When The Stars Align
In a regular haunt
Sometimes in a pub there are occasions when everything is complete to one’s utter enchantment: the surroundings, the mood, the comfort, the company (or lack of) and, naturally, the beer. If you regularly visit the pub as I do it is all too easy to enjoy the beer but ignore the environment, to drink beer without purpose, to look around and not register, to chuck words and phrases about to strangers or bar staff like a shore leave sailor on the spree, meaningless words, as if all I want is to hear the sound of my own voice (silence is a virtue sometimes). However, when the stars align in the heavens of pub-going, whether I am in the company of friends, garrulous and easy-going, laughter and tall tales being told, or alone in a luminous universe of my own, a serenity occurs that lifts the everyday experience of pub life into something transcendent.
A Saturday lunchtime outside at Topsham’s Bridge Inn, a regular haunt of mine, five miles from Exeter by bicycle and five miles back. On a wooden bench I sit, words carved into its surface that Dave loved to drink here, a memory, kind and considerate, of someone who could call the Bridge his local. The air is warm, a vaulted sky of darkish indigo with light, flimsy patches of broken cloud drifting along with the ease of Sinatra on the croon. In front of me, a border of hedge and bush traced with the trumpet shaped flowers of bindweed, with a bee idly drifting along as if on an invisible wire going from flower to flower to drink its fill.
Beyond this border, the River Clyst, low and slow as the tide is out, keeps company with several mallards, who rest on the exposed, stone scratched, reed-fringed beach. A crow joins them, looking for food, but one of the drakes rushes towards him its beak half open, a territorial advance. Bucolic the scene may be, but the last time I was here a duck was drifting on the river with two ducklings, there is a duck here, but no ducklings but perhaps they are further down the river out of sight rather than being victims of fox, rat or hawk. Beyond the river and its skirt of reeds, fields of several shades of green stretch towards a wooded hill in the distance. No cows do graze today just a solitary dog walker cutting along a field’s edge.

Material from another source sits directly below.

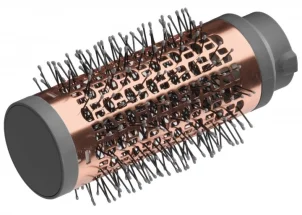 Фен-щетка Babyliss, 1000Вт, 2 режима, иониз-я, холл. обдув, керамика, серый №3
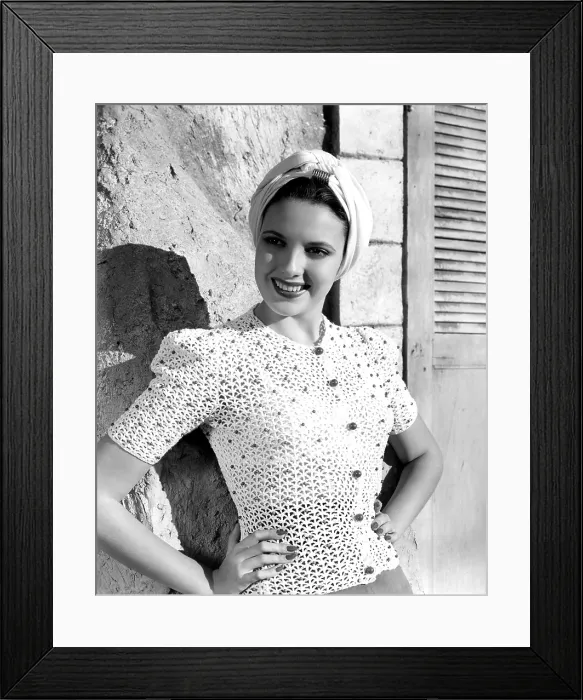 Framed Print : Linda Darnell, 1940 Framed Print : Linda Darnell, 1940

The stars align once more when I take a sip of my beer, Salcombe Brewery’s Island Street Porter. It is as dark as the plumage of the crow perched upon the faded red corrugated iron roof of the pub’s former maltings, which on this warm and sun-blessed day is open for those who want to escape within. The beer is perfect in its condition, creamy and full-bodied, an assembly of mocha coffee, cooking chocolate, roasted espresso coffee beans, a crackle of dryness, the merest hint of vanilla and once again the old saying that has served me well for years, ‘dark beers are not just for the colder months’, resonated within my head.
‘Sopwith Camel,’ says a man on the table to my left, ‘Red Baron,’ says someone on a table behind me. I want to say SE5, but don’t. We are watching an approaching biplane whose engine is an insistent drone, a lazy but regular light drum stroke of busy bees as it passes over. A few minutes later a two-engined airliner passes over, lazily turning in the air, insouciant and without effort, taking a couple of hundred souls on their way to a few days in the sun.
I have finished my beer but such is the mood of completeness, that serenity I mentioned earlier, the tranquility that bathes my soul, I decide on another pint of the same beer. Once again there is a dance to the music of time on my tongue as I take deep sips that are almost transformed into swigs from my glass. There is a sense of mindfulness as I sit on this wooden bench that acts as a living memory of someone called Dave, moments of calmness and reflection as I look out over the river and the landscape stretching away, aware of the high canopy of blue stretched with fluffy white above me. Everything is in order, the beer, the views, the slow susurration of voices behind me, and even though this outdoor space at the Bridge is bordered behind me by a road I don’t even notice the passing traffic.
In my last book, A Pub For All Seasons, I wrote of how the moods of pubs changed with the seasons and The Bridge Inn was almost like a Greek Chorus as I visited it throughout the year (as I still do) and it told me something about this organic, unforced, unconscious change. On this Saturday, on the cusp of summer (it was May 30), the change from the let us all huddle around the fire of the colder months to this outdoor exclamation of joy was complete. It was time to rejoin the outside world and with the reluctance of a schoolboy creeping like a snail unwillingly to school I finished my beer and got ready to cycle back to Exeter, the mood of this lunchtime pub session remaining with me, a heady, mindful memory of how when the stars align in the pub there is one of the finest experiences in the whole wide world.